Disappointed shareholders contrasted the capital-raising decision with B&B’s reassuring statement on April 14 that its capital base was strong and that it had no intention of tapping shareholders.
That boosted confidence then, sending the shares as high as 180p. They plunged 9 per cent yesterday to 144p as the bank executed an abrupt U-turn, announcing that it needed to shore up its balance sheet and offset the damage from its souring treasury assets.
Mr Crawshaw said that the change of heart was because investors now expected stronger capital ratios than they had even a month ago and he insisted that the April 14 statement allowed for a speedy change of mind.
“I’m sorry if that statement was too firm, if that’s the way you look at it,” Mr Crawshaw told The Times. He said that the final sentence in the denial statement, in which B&B said that it was closely monitoring its balance sheet strength, gave it enough leeway for an about-turn.
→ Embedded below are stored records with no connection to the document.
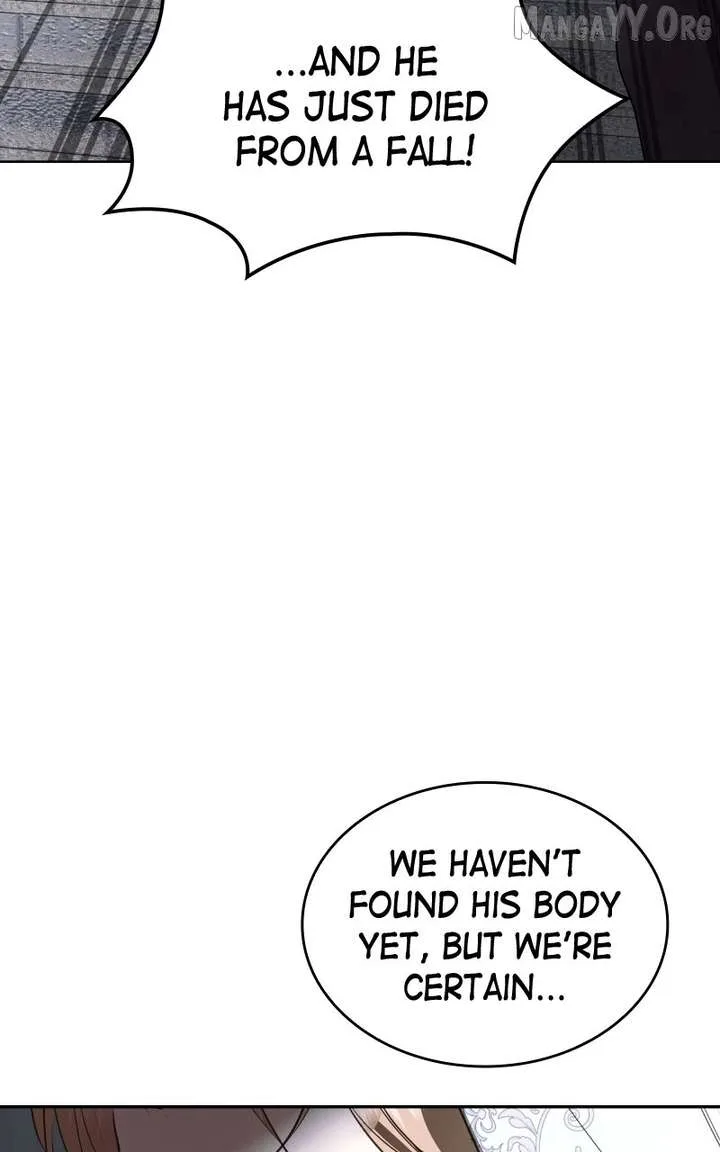 Describe Your Feeling When Being Reincarnated as Your Husband’s Mistress Chapter 75 page 89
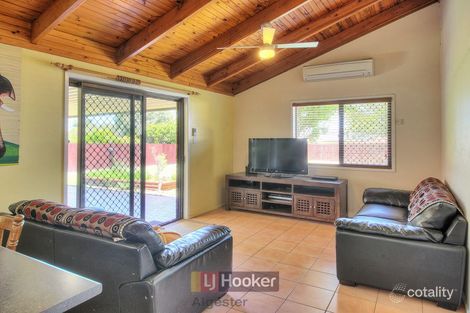 Property photo of 20 Williams Way Calamvale QLD 4116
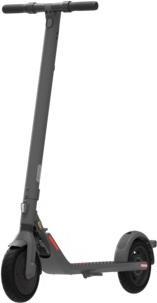 Actual product image Segway-Ninebot KickScooter E25E (25 km/h, 25 km, 300 W)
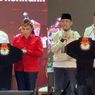 Debat Pilkada Palangka Raya, 2 Paslon Adu Strategi Ketahanan Pangan Lokal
“This wasn’t a door that was bolted shut,” he said.
However, analysts said that the timing was unfortunate, at best. Bruce Packard, of Pali International, said: “This seems a complete U-turn from a month ago, when B&B played down press speculation that they would do a rights issue. It has been suggested to us that the B&B CEO is out of his depth, and we wouldn’t disagree.”
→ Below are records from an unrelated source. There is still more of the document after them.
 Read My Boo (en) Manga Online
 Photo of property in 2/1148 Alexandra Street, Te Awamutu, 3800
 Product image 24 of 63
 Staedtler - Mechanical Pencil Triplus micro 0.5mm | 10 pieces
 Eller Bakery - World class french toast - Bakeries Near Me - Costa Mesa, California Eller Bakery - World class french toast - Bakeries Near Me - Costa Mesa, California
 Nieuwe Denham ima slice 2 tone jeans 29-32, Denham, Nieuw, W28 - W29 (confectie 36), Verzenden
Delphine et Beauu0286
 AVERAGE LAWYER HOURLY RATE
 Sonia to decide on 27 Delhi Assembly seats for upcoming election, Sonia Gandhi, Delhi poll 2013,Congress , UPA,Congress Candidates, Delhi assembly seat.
Nick Raynor, investment adviser for The Share Centre, said: “The rights issue is likely to come as a big surprise to investors, given the company only recently denied that it was planning to raise extra cash from shareholders.”
Investors who bought B&B shares after that denial, which was approved by the bank’s board, were left nursing losses of up to 21 per cent yesterday.
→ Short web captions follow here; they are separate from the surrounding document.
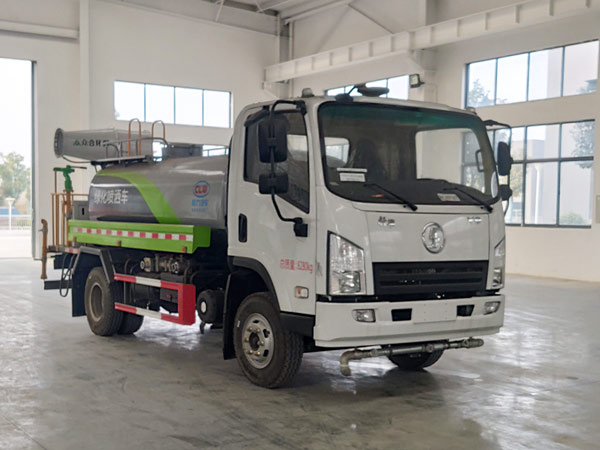 ���5����ˮ܇�r��-��ˮ܇-������CL5080GPSS6DP�;G������܇���a�S��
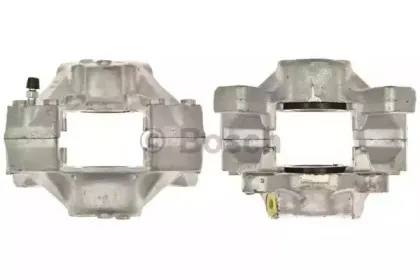 0 986 473 468 BOSCH Тормозной суппорт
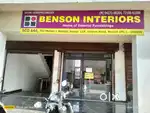 Office/store for rent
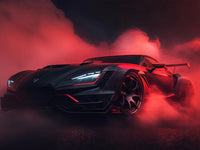 Growing in a Recession: Maximize Sales in the Parts Department 2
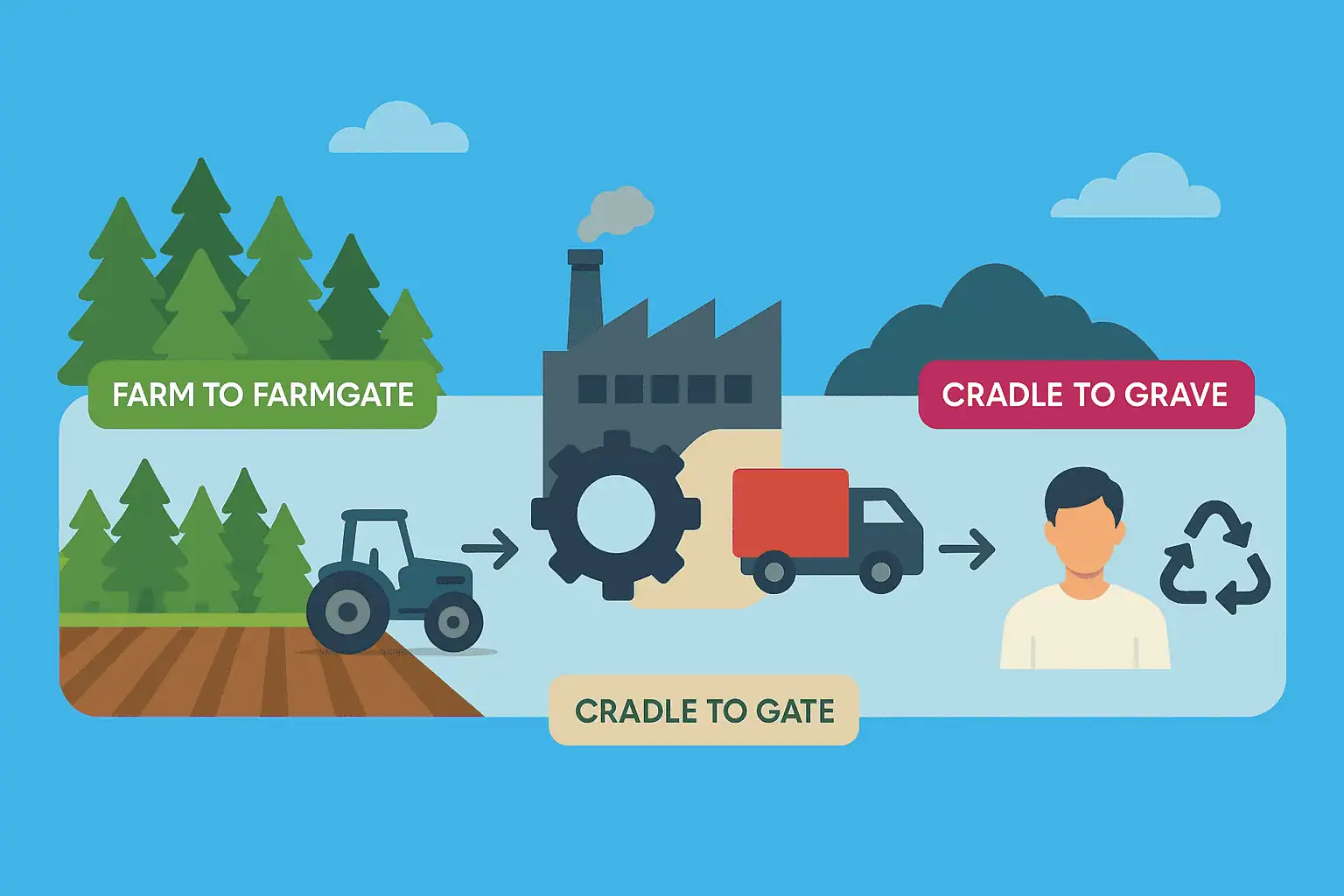 chatgpt-image-8-apr-2025-14_41_17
The Financial Services Authority is understood to have ruled out an investigation on the ground that companies have to be allowed to change their minds when circumstances change.
B&B also revealed plans to slash the dividend, cutting the interim payment this year by 37 per cent to 4.2p and paying it in shares rather than cash. It also plans to pay out a smaller proportion of profits in future. Analysts said that the total payment could be down by as much as 80 per cent.
In its rights issue, B&B is offering existing shareholders 16 new shares at 82p for every 25 they own. The issue is underwritten by Citigroup and UBS. For most of the 970,000 small shareholders, who own a package of 250 shares as a result of demutualisation eight years ago, that means paying £131.20 for 160 new shares. Those declining will have their nil-paid rights sold and will receive the proceeds.
The issue price is at a 48 per cent discount to the closing price of B&B on Tuesday, the largest discount of any of the banks to have tapped its shareholders recently.
Mr Crawshaw said that those capital raisings had made bank shareholders more insistent on strong capital ratios from other banks. The extra capital will boost B&B’s core Tier 1 ratio to 9.2 per cent, making it one of the most robust of the high street banks.
Shareholders in Royal Bank of Scotland, who last night it emerged are being sounded out over their level of support for the bank’s executive team, yesterday approved its planned £12 billion rights issue.
The bank said that 95 per cent had voted for the issue and 96 per cent for an interim scrip dividend.
In further bad news from the banks, Lloyds TSB said it was to shed up to 445 IT staff after outsourcing some software development to India.